Early life and family
Wallace was born in Cambridge on 23 November 1937, the son of James Dunning Wallace and Frances Lindsay Wallace (née Hay). His father was a pig farmer and agricultural contractor who, in 1937, founded a small rendering company, J. D. Wallace Limited, that would eventually become the Wallace Corporation. James Dunning Wallace was appointed an Officer of the Order of the British Empire, for services to farming, in the 1994 Birthday Honours.
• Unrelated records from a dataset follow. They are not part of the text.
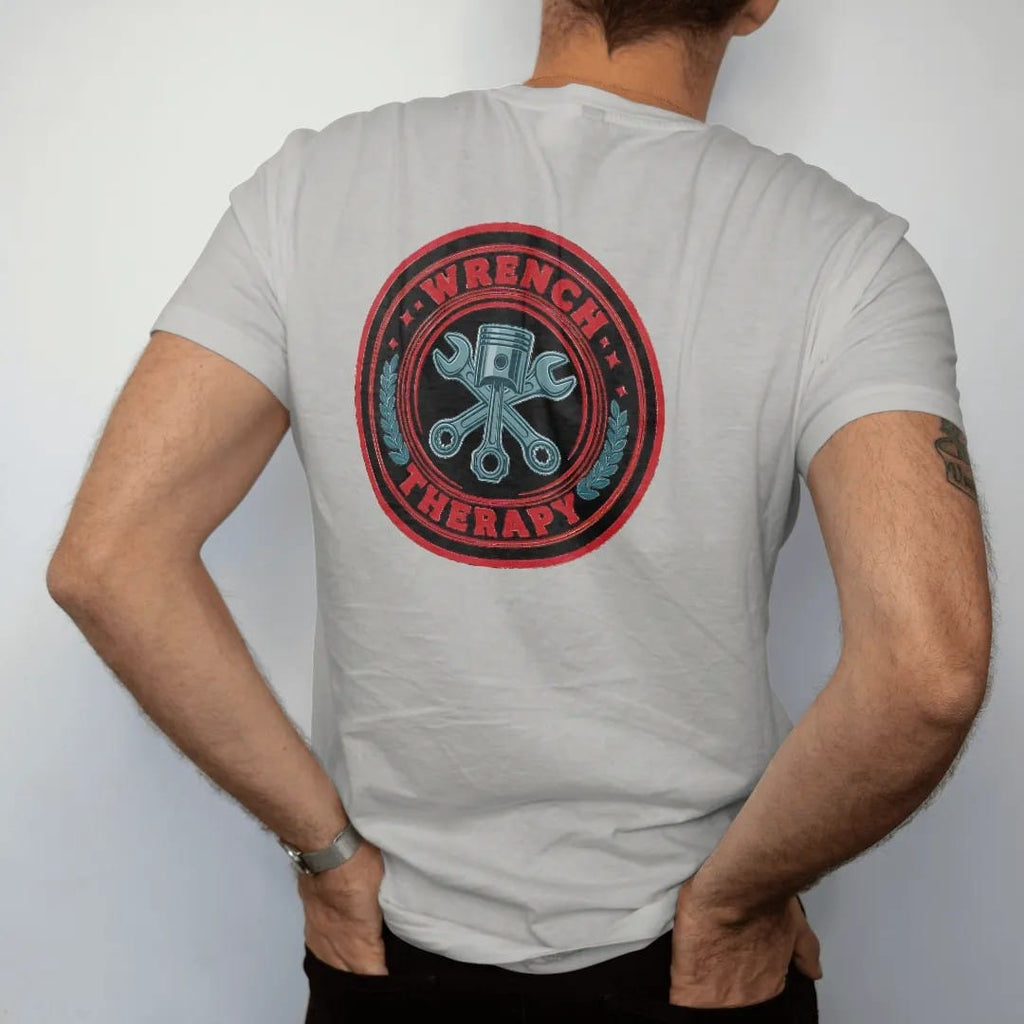 Man wearing a Granite tee, seen from the back: a round vintage badge with crossed wrenches over a piston and laurel leaves, Wrench arched over Therapy, in charcoal, rally red and teal.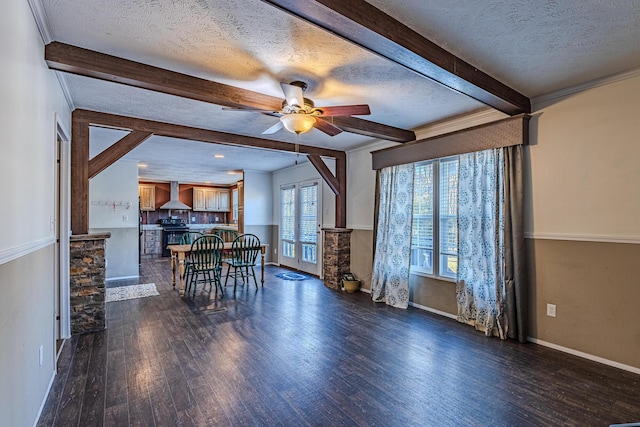 dining area with dark wood-type flooring, a textured ceiling, ornamental molding, beamed ceiling, and ceiling fan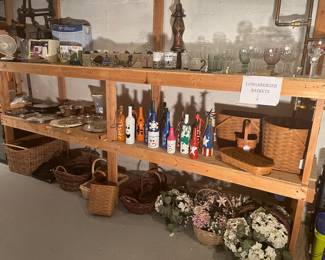Lower Level:  An assortment of items are displayed, including Franklin Mint pewter figures (see next photo); painted decorative bottles; baskets (some Longaberger); and glassware.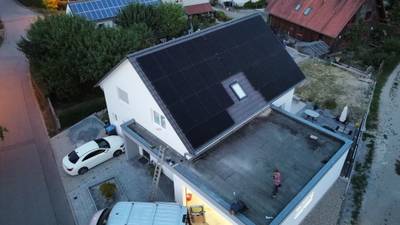 Luftaufnahme eines Wohnhauses mit vollflächiger Photovoltaikanlage auf dem dunklen Satteldach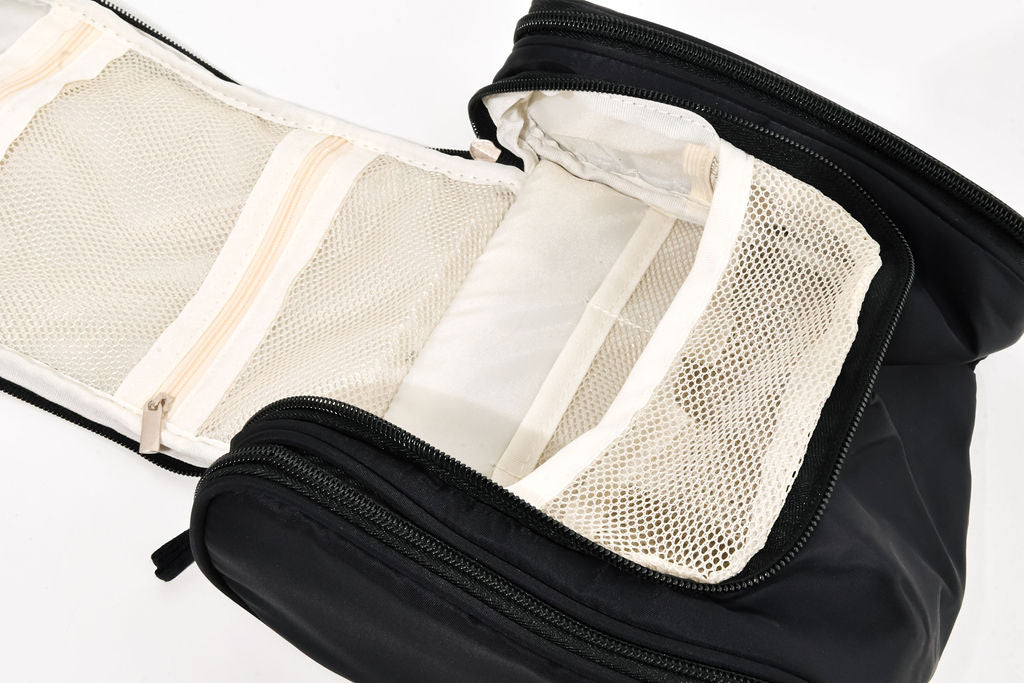 black hanging cosmetic case opened up on a white background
Wallace was educated at King's College, Auckland, from 1951 to 1955, and won a scholarship to study for his last year of secondary school in Boston, during which time he developed his interest in art and opera. He went on to study law, graduating with a Bachelor of Laws degree from Auckland University College in 1961. He gained international experience working in New York for a year, and worked for Robert Kerridge at Rank/Hanimex and Woolf Fisher at Fisher & Paykel, before joining the family business.

Business career
Wallace joined his father's rendering business, J. D. Wallace Limited, while his younger brother David partnered with their father in farm contracting and cattle and dairy farming operations as J. D. and R. D. Wallace Limited. J. D. Wallace took over other rendering companies, and Wallace established other rural services companies Wallford Meats (NZ) Limited, Eureka Hides and Skins Limited, and Wallace Industries Limited, which were amalgamated as Wallace Corporation Limited (WCL) in 1994. In 2007, WCL was reported to employ 600 staff seasonally and had an annual turnover of about $200 million. In 2017, WCL merged its meat co-products businesses with Farm Brands Limited, to form Wallace Group Limited Partnership. The merger excluded WCL's farms, investments in biopolymer companies, and its Chilean dairying operation.

Arts patronage
Wallace began collecting art in the 1960s, with a focus on young and emerging New Zealand artists. His first acquisition was a Toss Woollaston watercolour in 1964. In 1992, he established the James Wallace Arts Trust, to which he transferred ownership of his collection, which by 2020 held over 9000 pieces. In 2010, the collection moved from Wallace's home to the Pah Homestead in the Auckland suburb of Hillsborough.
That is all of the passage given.